*ACTIVITY*: Copy out precisely the lines of the material that follows, beginning with the line containing "Beautiful black top! Plus size!" and ending with its last line; exclude pictures.

*GIVEN MATERIAL*:

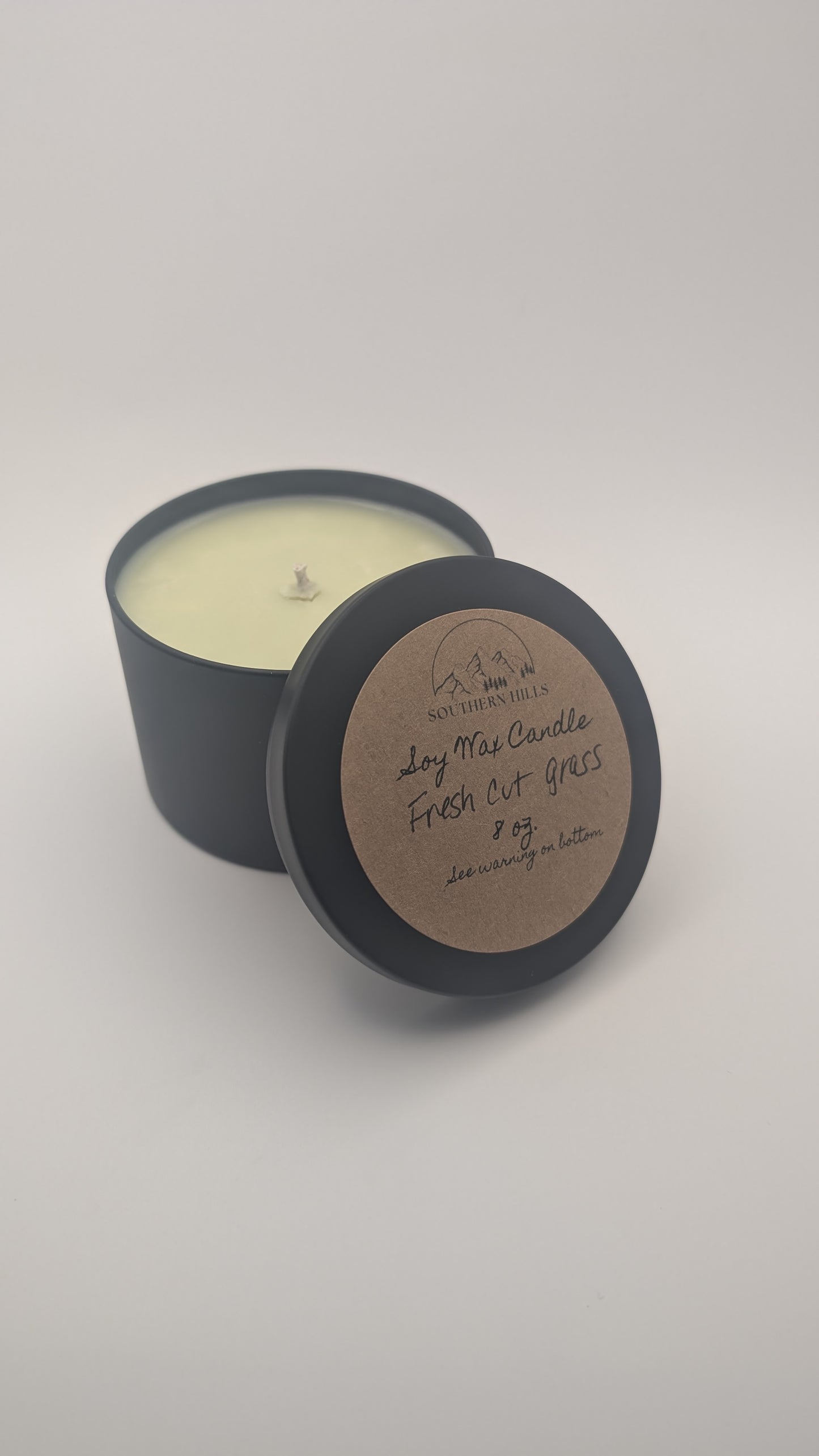 Fresh Cut Grass 8 oz Soy Candle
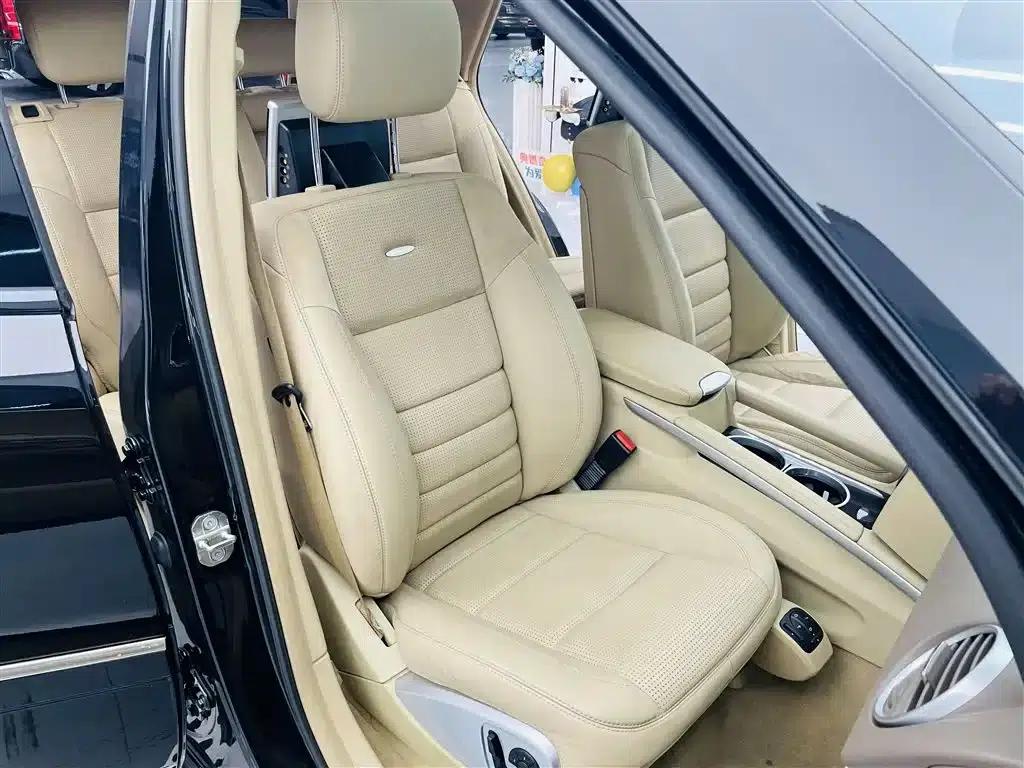 2011 Mercedes-Benz M-Class AMG ML 63 — миниатюра 24
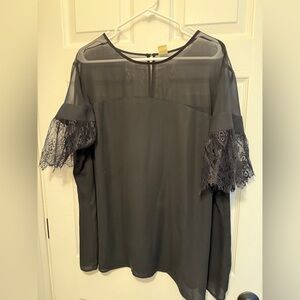 Beautiful black top! Plus size!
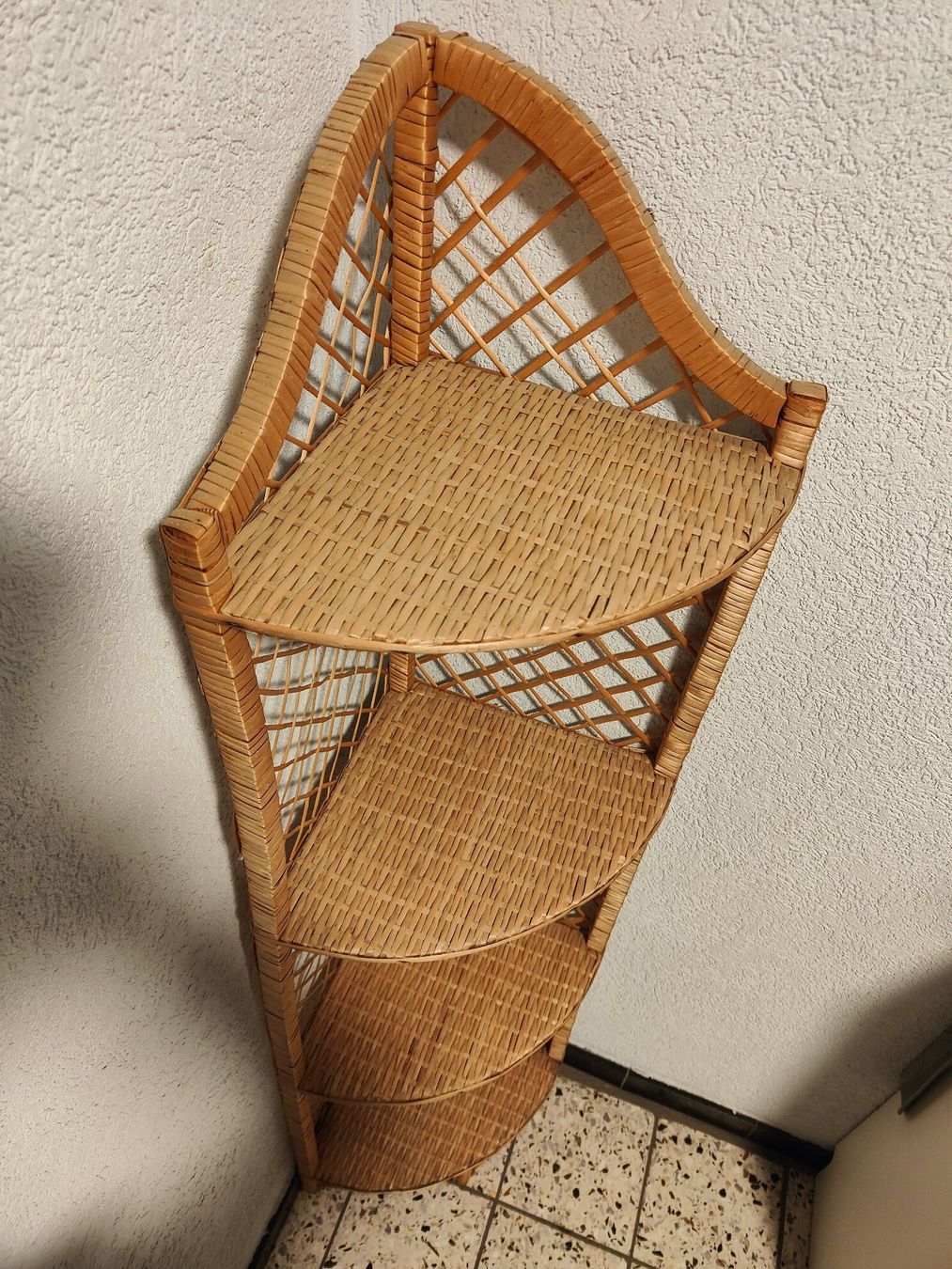 Étagères: Rattan-Eckregal – D'occasion à Studen BE par Paplo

*ANSWER TO THIS EXERCISE*:
 Beautiful black top! Plus size!
 Étagères: Rattan-Eckregal – D'occasion à Studen BE par Paplo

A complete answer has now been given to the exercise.